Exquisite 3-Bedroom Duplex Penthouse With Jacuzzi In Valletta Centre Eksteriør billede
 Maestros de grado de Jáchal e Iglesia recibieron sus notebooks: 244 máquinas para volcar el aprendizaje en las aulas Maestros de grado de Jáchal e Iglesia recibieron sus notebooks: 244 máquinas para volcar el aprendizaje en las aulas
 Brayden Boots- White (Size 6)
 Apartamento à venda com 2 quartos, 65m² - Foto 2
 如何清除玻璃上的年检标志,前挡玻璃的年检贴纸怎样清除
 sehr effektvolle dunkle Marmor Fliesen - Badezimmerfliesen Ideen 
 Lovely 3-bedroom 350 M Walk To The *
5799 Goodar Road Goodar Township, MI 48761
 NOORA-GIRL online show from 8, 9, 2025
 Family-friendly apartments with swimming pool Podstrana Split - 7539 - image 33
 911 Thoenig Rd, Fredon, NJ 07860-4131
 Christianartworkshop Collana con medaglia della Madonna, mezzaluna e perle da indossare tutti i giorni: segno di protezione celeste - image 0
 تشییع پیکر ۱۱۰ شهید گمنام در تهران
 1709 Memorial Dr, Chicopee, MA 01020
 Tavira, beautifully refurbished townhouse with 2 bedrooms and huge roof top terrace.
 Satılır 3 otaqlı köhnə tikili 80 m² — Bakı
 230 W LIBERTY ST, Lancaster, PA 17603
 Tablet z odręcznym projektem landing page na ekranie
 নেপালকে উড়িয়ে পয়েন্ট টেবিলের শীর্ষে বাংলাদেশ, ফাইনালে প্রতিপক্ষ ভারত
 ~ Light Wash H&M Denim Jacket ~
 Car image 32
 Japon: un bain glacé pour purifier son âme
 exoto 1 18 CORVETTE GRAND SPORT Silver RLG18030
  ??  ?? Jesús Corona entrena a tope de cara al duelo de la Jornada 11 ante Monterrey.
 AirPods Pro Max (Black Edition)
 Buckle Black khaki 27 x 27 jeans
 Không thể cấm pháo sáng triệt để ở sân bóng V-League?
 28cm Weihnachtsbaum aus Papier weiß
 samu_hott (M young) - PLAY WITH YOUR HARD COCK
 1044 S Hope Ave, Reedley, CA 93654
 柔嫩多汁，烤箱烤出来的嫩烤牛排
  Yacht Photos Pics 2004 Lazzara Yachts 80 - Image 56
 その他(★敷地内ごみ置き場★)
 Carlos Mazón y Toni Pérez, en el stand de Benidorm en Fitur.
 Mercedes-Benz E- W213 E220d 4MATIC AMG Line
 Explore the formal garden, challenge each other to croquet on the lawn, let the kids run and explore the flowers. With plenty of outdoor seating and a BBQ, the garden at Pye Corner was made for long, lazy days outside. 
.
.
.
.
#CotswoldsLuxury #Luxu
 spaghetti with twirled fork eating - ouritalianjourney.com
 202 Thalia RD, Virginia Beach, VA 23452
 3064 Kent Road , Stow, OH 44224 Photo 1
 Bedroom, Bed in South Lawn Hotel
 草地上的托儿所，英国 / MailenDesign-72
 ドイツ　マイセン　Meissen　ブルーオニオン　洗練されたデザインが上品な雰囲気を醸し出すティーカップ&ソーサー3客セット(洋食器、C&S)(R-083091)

## Work to complete
Every line above should be output exactly as it stands.

## The completed task
Exquisite 3-Bedroom Duplex Penthouse With Jacuzzi In Valletta Centre Eksteriør billede
 Maestros de grado de Jáchal e Iglesia recibieron sus notebooks: 244 máquinas para volcar el aprendizaje en las aulas Maestros de grado de Jáchal e Iglesia recibieron sus notebooks: 244 máquinas para volcar el aprendizaje en las aulas
 Brayden Boots- White (Size 6)
 Apartamento à venda com 2 quartos, 65m² - Foto 2
 如何清除玻璃上的年检标志,前挡玻璃的年检贴纸怎样清除
 sehr effektvolle dunkle Marmor Fliesen - Badezimmerfliesen Ideen 
 Lovely 3-bedroom 350 M Walk To The *
5799 Goodar Road Goodar Township, MI 48761
 NOORA-GIRL online show from 8, 9, 2025
 Family-friendly apartments with swimming pool Podstrana Split - 7539 - image 33
 911 Thoenig Rd, Fredon, NJ 07860-4131
 Christianartworkshop Collana con medaglia della Madonna, mezzaluna e perle da indossare tutti i giorni: segno di protezione celeste - image 0
 تشییع پیکر ۱۱۰ شهید گمنام در تهران
 1709 Memorial Dr, Chicopee, MA 01020
 Tavira, beautifully refurbished townhouse with 2 bedrooms and huge roof top terrace.
 Satılır 3 otaqlı köhnə tikili 80 m² — Bakı
 230 W LIBERTY ST, Lancaster, PA 17603
 Tablet z odręcznym projektem landing page na ekranie
 নেপালকে উড়িয়ে পয়েন্ট টেবিলের শীর্ষে বাংলাদেশ, ফাইনালে প্রতিপক্ষ ভারত
 ~ Light Wash H&M Denim Jacket ~
 Car image 32
 Japon: un bain glacé pour purifier son âme
 exoto 1 18 CORVETTE GRAND SPORT Silver RLG18030
  ??  ?? Jesús Corona entrena a tope de cara al duelo de la Jornada 11 ante Monterrey.
 AirPods Pro Max (Black Edition)
 Buckle Black khaki 27 x 27 jeans
 Không thể cấm pháo sáng triệt để ở sân bóng V-League?
 28cm Weihnachtsbaum aus Papier weiß
 samu_hott (M young) - PLAY WITH YOUR HARD COCK
 1044 S Hope Ave, Reedley, CA 93654
 柔嫩多汁，烤箱烤出来的嫩烤牛排
  Yacht Photos Pics 2004 Lazzara Yachts 80 - Image 56
 その他(★敷地内ごみ置き場★)
 Carlos Mazón y Toni Pérez, en el stand de Benidorm en Fitur.
 Mercedes-Benz E- W213 E220d 4MATIC AMG Line
 Explore the formal garden, challenge each other to croquet on the lawn, let the kids run and explore the flowers. With plenty of outdoor seating and a BBQ, the garden at Pye Corner was made for long, lazy days outside. 
.
.
.
.
#CotswoldsLuxury #Luxu
 spaghetti with twirled fork eating - ouritalianjourney.com
 202 Thalia RD, Virginia Beach, VA 23452
 3064 Kent Road , Stow, OH 44224 Photo 1
 Bedroom, Bed in South Lawn Hotel
 草地上的托儿所，英国 / MailenDesign-72
 ドイツ　マイセン　Meissen　ブルーオニオン　洗練されたデザインが上品な雰囲気を醸し出すティーカップ&ソーサー3客セット(洋食器、C&S)(R-083091)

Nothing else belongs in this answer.